WHAT THE EXERCISE ASKS: Reproduce all of the data exactly. Images are not to appear in the reply.

[Saved entries]
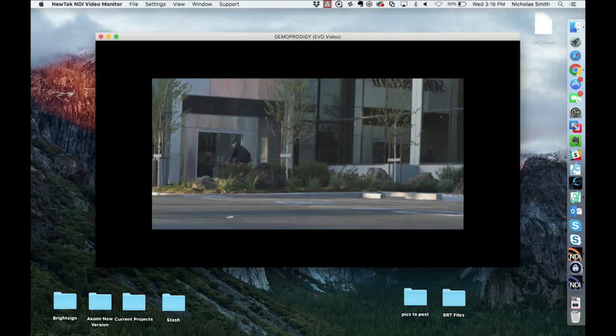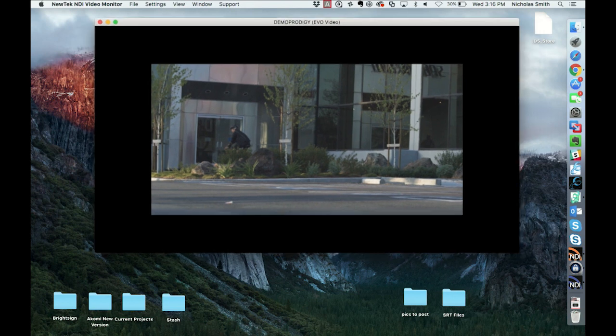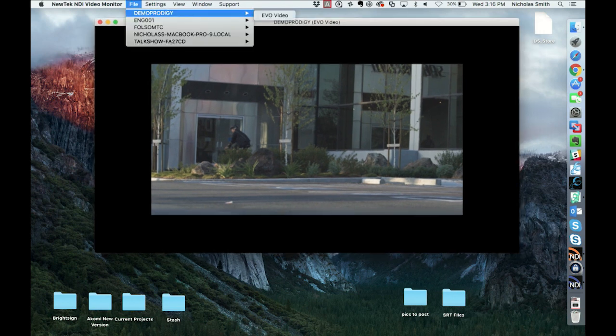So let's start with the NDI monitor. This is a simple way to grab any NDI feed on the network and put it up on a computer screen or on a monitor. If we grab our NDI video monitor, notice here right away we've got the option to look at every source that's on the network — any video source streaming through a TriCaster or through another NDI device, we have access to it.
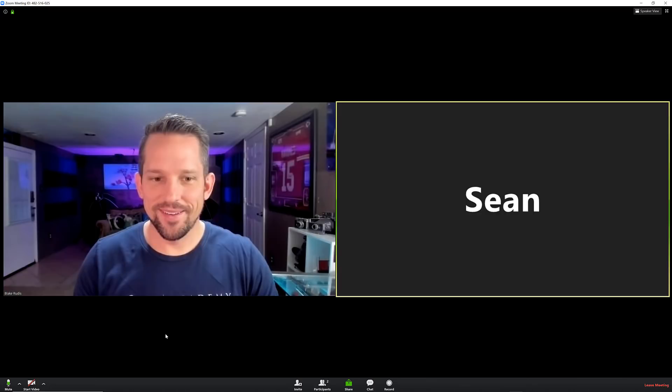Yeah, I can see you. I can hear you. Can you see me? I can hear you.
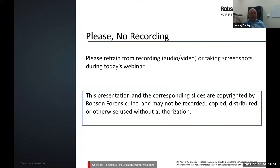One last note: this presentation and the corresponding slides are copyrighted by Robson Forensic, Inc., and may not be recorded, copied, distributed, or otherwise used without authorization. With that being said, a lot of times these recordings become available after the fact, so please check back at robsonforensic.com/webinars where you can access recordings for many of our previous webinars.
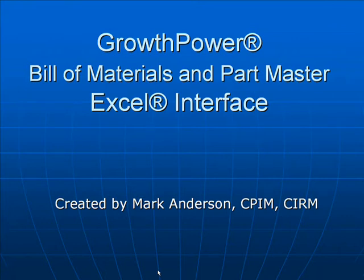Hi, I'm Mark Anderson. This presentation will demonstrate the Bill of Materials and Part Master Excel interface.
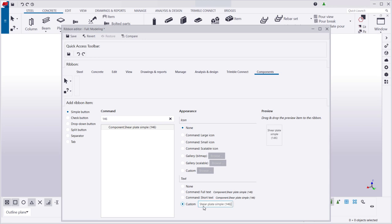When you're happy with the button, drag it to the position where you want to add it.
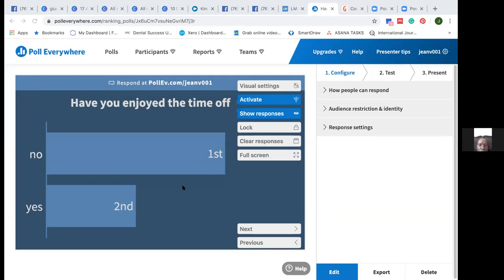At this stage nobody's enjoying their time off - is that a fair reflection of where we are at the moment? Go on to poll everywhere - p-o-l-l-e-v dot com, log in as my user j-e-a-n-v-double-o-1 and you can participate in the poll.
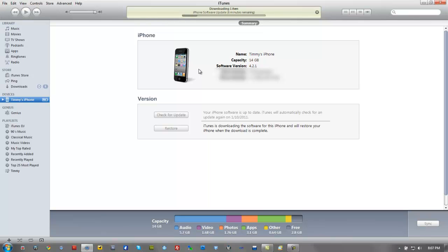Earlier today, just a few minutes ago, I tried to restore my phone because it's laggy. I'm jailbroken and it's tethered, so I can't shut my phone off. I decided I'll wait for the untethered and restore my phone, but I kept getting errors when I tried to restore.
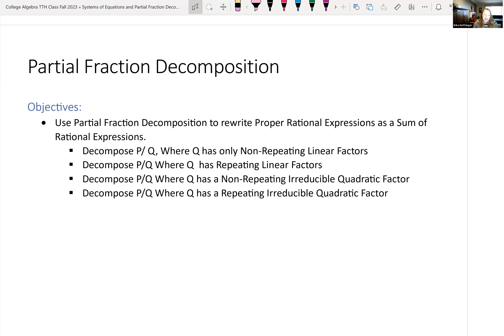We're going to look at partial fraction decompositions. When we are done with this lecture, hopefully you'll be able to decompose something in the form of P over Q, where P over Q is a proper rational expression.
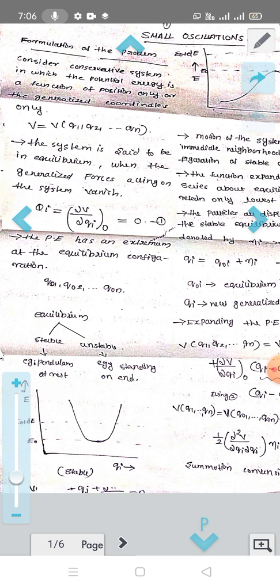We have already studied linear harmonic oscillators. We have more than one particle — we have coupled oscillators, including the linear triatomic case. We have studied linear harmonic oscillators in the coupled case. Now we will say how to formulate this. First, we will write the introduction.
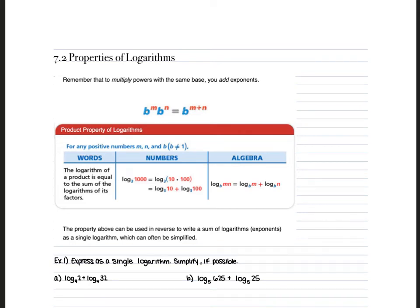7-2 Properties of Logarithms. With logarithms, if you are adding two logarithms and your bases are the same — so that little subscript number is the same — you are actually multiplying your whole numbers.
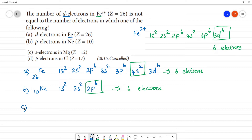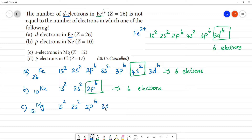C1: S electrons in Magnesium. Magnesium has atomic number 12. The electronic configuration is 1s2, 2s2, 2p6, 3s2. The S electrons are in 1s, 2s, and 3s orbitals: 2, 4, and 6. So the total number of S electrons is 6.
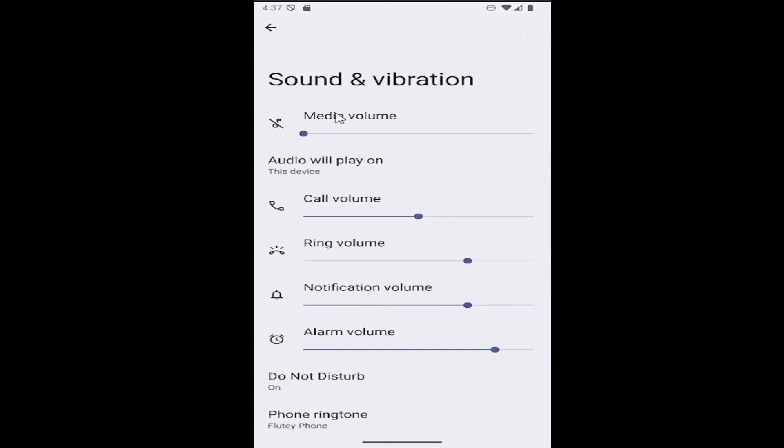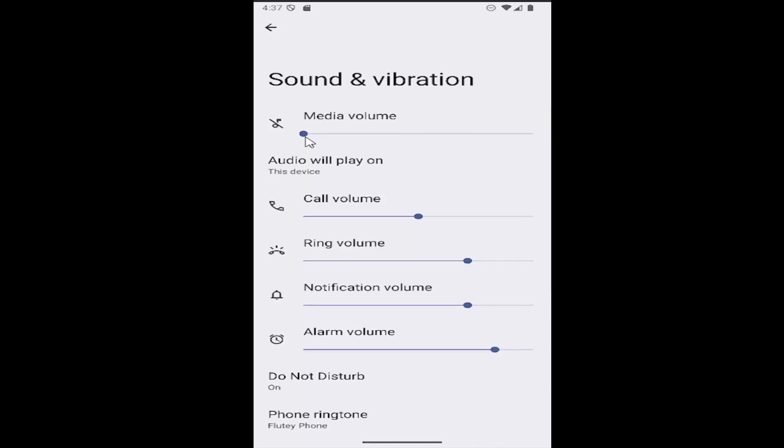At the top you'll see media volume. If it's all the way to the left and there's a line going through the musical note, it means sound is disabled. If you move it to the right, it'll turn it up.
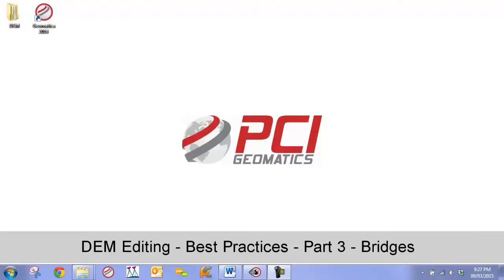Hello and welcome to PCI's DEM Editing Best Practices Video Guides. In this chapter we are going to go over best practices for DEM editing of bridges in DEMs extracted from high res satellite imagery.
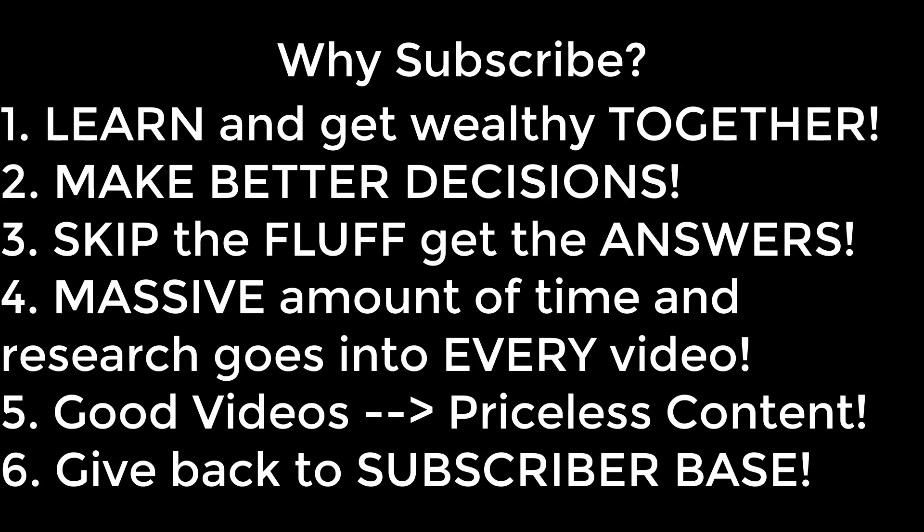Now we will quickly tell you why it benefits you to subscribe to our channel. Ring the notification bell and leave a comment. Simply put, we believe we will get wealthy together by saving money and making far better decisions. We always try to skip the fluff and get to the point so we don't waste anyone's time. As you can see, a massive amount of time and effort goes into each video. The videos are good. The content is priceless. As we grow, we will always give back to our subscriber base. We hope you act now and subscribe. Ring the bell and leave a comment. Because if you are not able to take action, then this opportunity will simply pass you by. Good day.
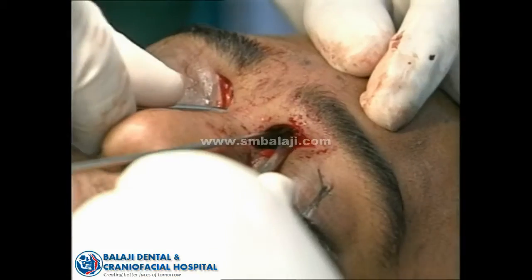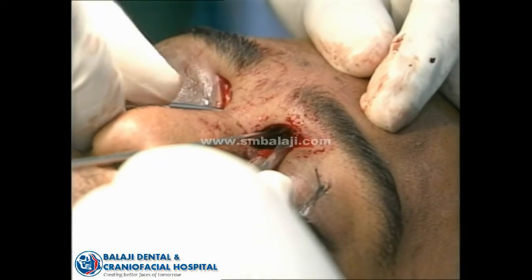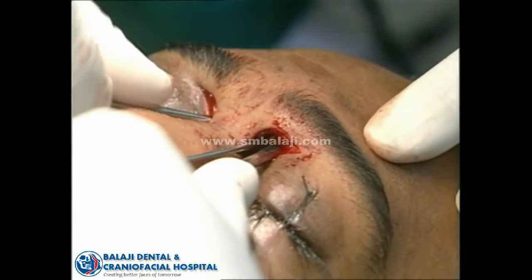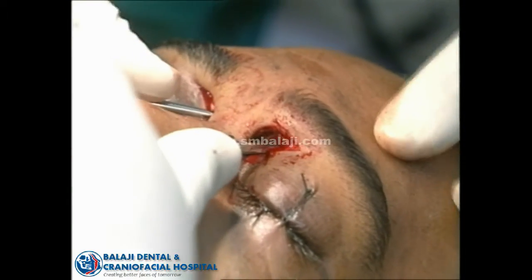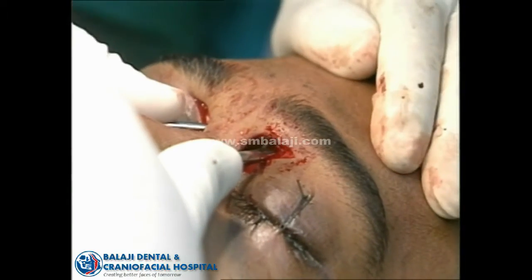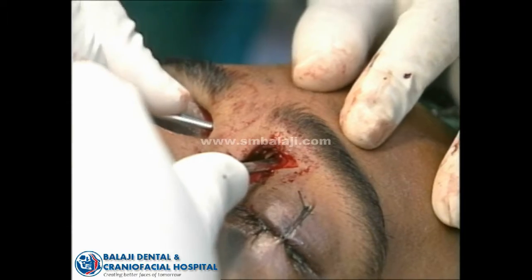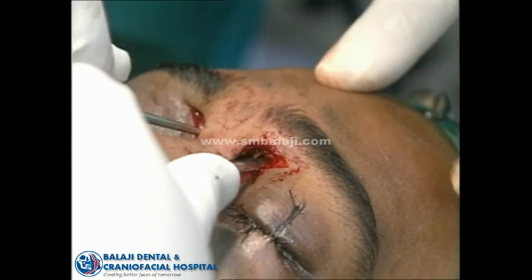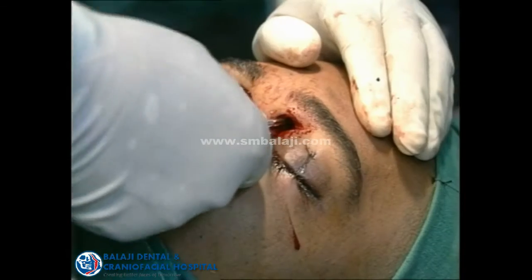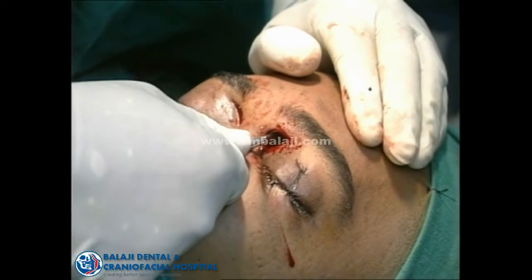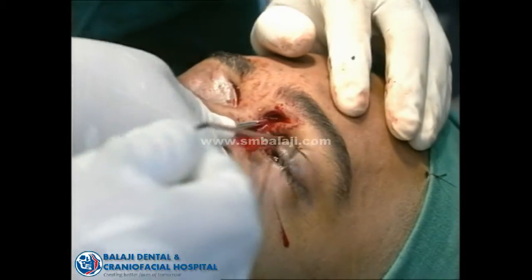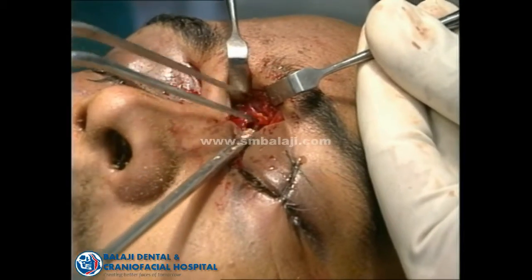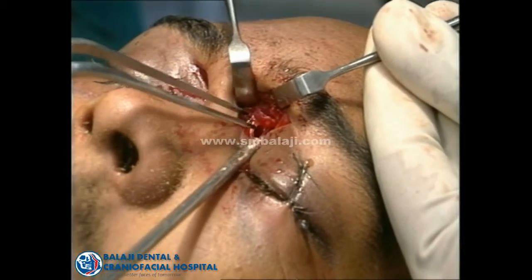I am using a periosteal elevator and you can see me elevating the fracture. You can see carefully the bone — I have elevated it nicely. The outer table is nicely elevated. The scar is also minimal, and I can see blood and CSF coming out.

ANSWER TO THE PROBLEM:
So let's start with the NDI monitor. This is a simple way to grab any NDI feed on the network and put it up on a computer screen or on a monitor. If we grab our NDI video monitor, notice here right away we've got the option to look at every source that's on the network — any video source streaming through a TriCaster or through another NDI device, we have access to it.
Yeah, I can see you. I can hear you. Can you see me? I can hear you.
One last note: this presentation and the corresponding slides are copyrighted by Robson Forensic, Inc., and may not be recorded, copied, distributed, or otherwise used without authorization. With that being said, a lot of times these recordings become available after the fact, so please check back at robsonforensic.com/webinars where you can access recordings for many of our previous webinars.
Hi, I'm Mark Anderson. This presentation will demonstrate the Bill of Materials and Part Master Excel interface.
When you're happy with the button, drag it to the position where you want to add it.
At this stage nobody's enjoying their time off - is that a fair reflection of where we are at the moment? Go on to poll everywhere - p-o-l-l-e-v dot com, log in as my user j-e-a-n-v-double-o-1 and you can participate in the poll.
Earlier today, just a few minutes ago, I tried to restore my phone because it's laggy. I'm jailbroken and it's tethered, so I can't shut my phone off. I decided I'll wait for the untethered and restore my phone, but I kept getting errors when I tried to restore.
We're going to look at partial fraction decompositions. When we are done with this lecture, hopefully you'll be able to decompose something in the form of P over Q, where P over Q is a proper rational expression.
We have already studied linear harmonic oscillators. We have more than one particle — we have coupled oscillators, including the linear triatomic case. We have studied linear harmonic oscillators in the coupled case. Now we will say how to formulate this. First, we will write the introduction.
7-2 Properties of Logarithms. With logarithms, if you are adding two logarithms and your bases are the same — so that little subscript number is the same — you are actually multiplying your whole numbers.
C1: S electrons in Magnesium. Magnesium has atomic number 12. The electronic configuration is 1s2, 2s2, 2p6, 3s2. The S electrons are in 1s, 2s, and 3s orbitals: 2, 4, and 6. So the total number of S electrons is 6.
At the top you'll see media volume. If it's all the way to the left and there's a line going through the musical note, it means sound is disabled. If you move it to the right, it'll turn it up.
Hello and welcome to PCI's DEM Editing Best Practices Video Guides. In this chapter we are going to go over best practices for DEM editing of bridges in DEMs extracted from high res satellite imagery.
Now we will quickly tell you why it benefits you to subscribe to our channel. Ring the notification bell and leave a comment. Simply put, we believe we will get wealthy together by saving money and making far better decisions. We always try to skip the fluff and get to the point so we don't waste anyone's time. As you can see, a massive amount of time and effort goes into each video. The videos are good. The content is priceless. As we grow, we will always give back to our subscriber base. We hope you act now and subscribe. Ring the bell and leave a comment. Because if you are not able to take action, then this opportunity will simply pass you by. Good day.
I am using a periosteal elevator and you can see me elevating the fracture. You can see carefully the bone — I have elevated it nicely. The outer table is nicely elevated. The scar is also minimal, and I can see blood and CSF coming out.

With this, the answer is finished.